Posted by: Jumbo at August 22, 2004 08:17 PM

Do we know the SS had a "V"? (I'm not even sure how that could happen.) Or was it just a confused story by someone who doesn't know the difference between a Silver and Bronze Star Medal, or a misstatement? Is there an original source for it?

Posted by: jaed at August 22, 2004 09:31 PM

I grew up 10 years after this, and have sat on mock juries for insurance cases and analyzing accident scenes. This leads me quickly to the point that they were under fire "from both banks" on a canal as wide as a four-lane highway. So they both (all) beach on the same side? leaving their guns facing away from half their attackers - or at least a portion of them? With nothing but rilfes to aim back, the VC wouldn't have one measley RPG, etc to shoot from the opposite bank into the back of the boats? Doesn't pass the smell test for that particular detail - for either ambush site. Smells like Rood goes hunting for deer the same way Kerry does - shotgun, camo, slithering on the ground to sneak up on the deer...

Posted by: PEBSTR at August 22, 2004 09:32 PM

While I have zero personal knowledge of Silver Stars and combat Vs, I posed the question to a friend whose Dad has a rather substantial collection of metal on his chest. Her response was, "I know it exists." I was a bit taken aback for a moment, then a bulb dawned overhead and I asked, "Why? Does you Dad have one?" She replied in the affirmative.

She's no Kerry fan. Quite the opposite.

So there's a suggestion that the V is a blind alley... unless they weren't awarded that way in the time span in question. (The one she refers to would have been a lot more recent, not sure of the details, maybe Iraq 1.)

Posted by: Dan S at August 23, 2004 01:07 AM

Do we know that Kerry actually killed the VC he was chasing? The accounts indicate that gunfire "was heard," Kerry appeared with an RPG, and said he'd killed the guy. The RPG might not have been functioning which could explain why the VC never fired it in the first place and he might have dropped it.

Anything to that?

Posted by: Lewis at August 24, 2004 11:23 PM

Excellent post and comments! I wish the press would talk to some soldiers like you guys, for background info.

A couple of questions:

1. Just how many Bronze and Silver Stars got awarded ? Were there any skippers who *didn't* get one every couple of months?

2. Rood received a Bronze Star for the same operation Kerry got a Silver Star. Doesn't this undermine his credibility as a witness against the charge that Kerry wrote up the operation falsely to get medals? Is it possible that each was the corroborating witness for the other?

Posted by: Eric Rasmusen at August 25, 2004 09:58 AM

Forget the Medals arguments! Look at John Kerry from this perspective.

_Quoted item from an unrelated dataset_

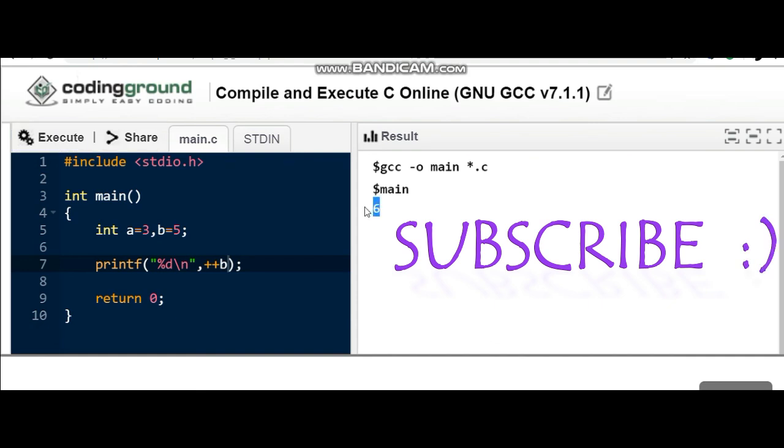So that's it from this video, guys. If you like the video, click that thumbs up like button and do subscribe to my channel for further videos. Thank you so much guys, take care, bye bye.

What I want to know is how John Kerry will answer the POW's who are shown on the link below. (These are NOT Swift Boat people, but they were pilots who were shot down and captured).

Please join us in viewing and then passing on the upcoming documentary link to all Veterans and every decent American that you know.

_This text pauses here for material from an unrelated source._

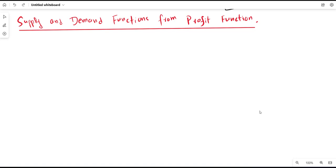So far we discussed the properties of the profit function in detail in the previous lecture. Now we are in a position to discuss something more about the profit function and its implications in microeconomics. In this lecture, we are going to discuss the derivation of supply function and demand function from the profit function.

The TOTAL TRUTH about Hanoi John Kerry as told by POW's who suffered the Hell that resulted from his lies.

Awesome Film Clips of Stolen Honor. The Truth about John Kerry.

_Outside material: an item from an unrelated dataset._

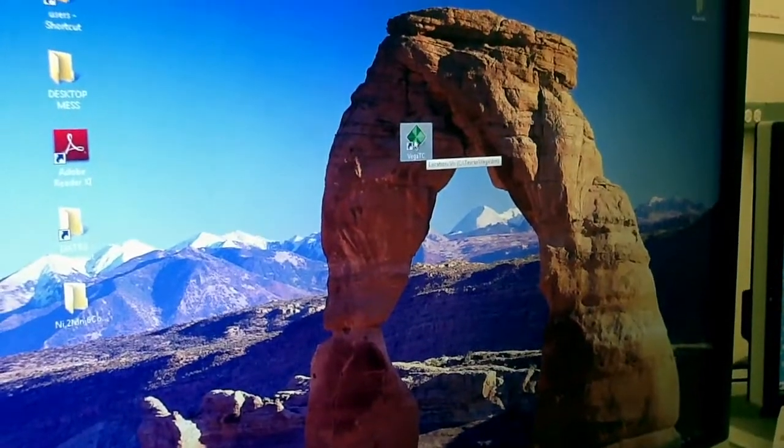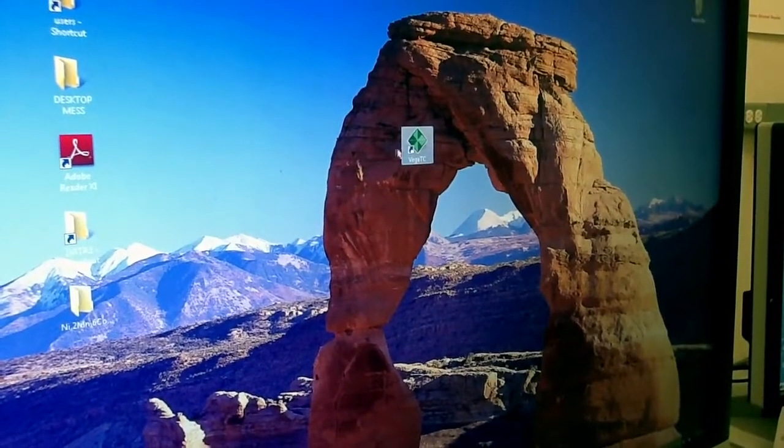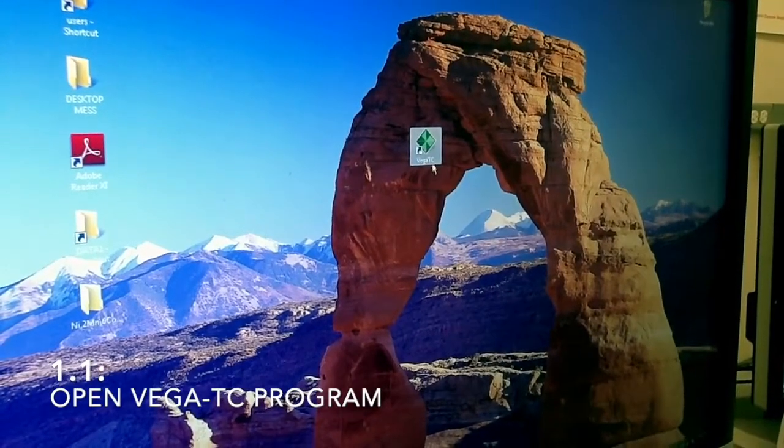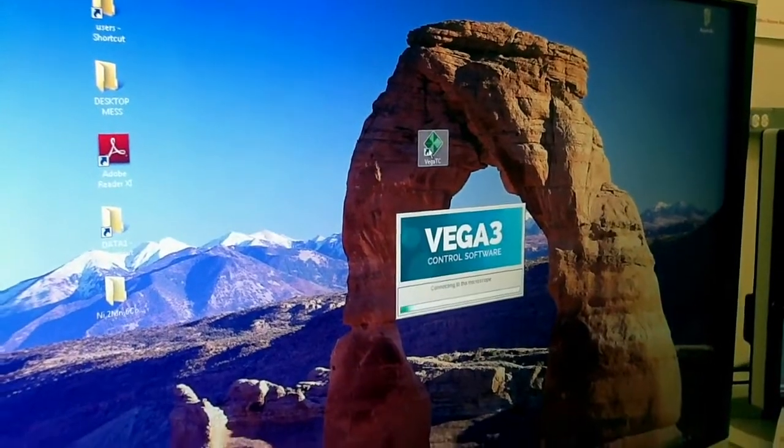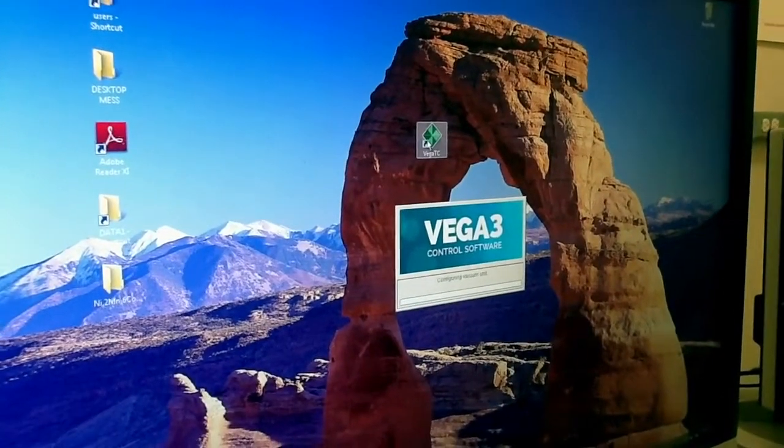Today I will show how to use our TESCAN VIGA-V3-SEM for just regular imaging. The first thing you want is to open the VIGA-TC software which controls the TESCAN SEM.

Posted by: leaddog2 at August 27, 2004 01:37 AM

Yes, a body was seen. Kerry DID kill one VC that day. No mystery about that.

It was the 23 boat (Rood's) that beached first, not the 43 boat (Droz's).

Much is made, here and elsewhere, about the wisdom of beaching the boat(s) that day. In my view, it was the thing to do in those circumstances.

The .50cal on Kerry's boat was quite useful, but not for shooting the VC that was literally right next to the boat.